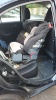 Dans Nissan Micra 5 portes, isofix, position recline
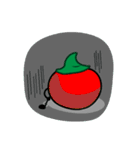 トマトの「トマピー☆」（個別スタンプ：7）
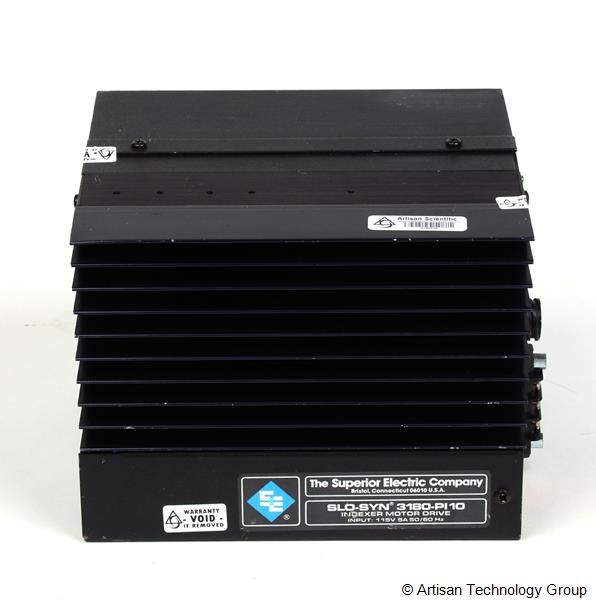 Superior Electric SLO-SYN 3180-PI10 Indexer Motor Drive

* _Problem statement_
Every line above has to be output exactly; the pictures must be dropped.

* _Task answer_
 Dans Nissan Micra 5 portes, isofix, position recline
 トマトの「トマピー☆」（個別スタンプ：7）
 Superior Electric SLO-SYN 3180-PI10 Indexer Motor Drive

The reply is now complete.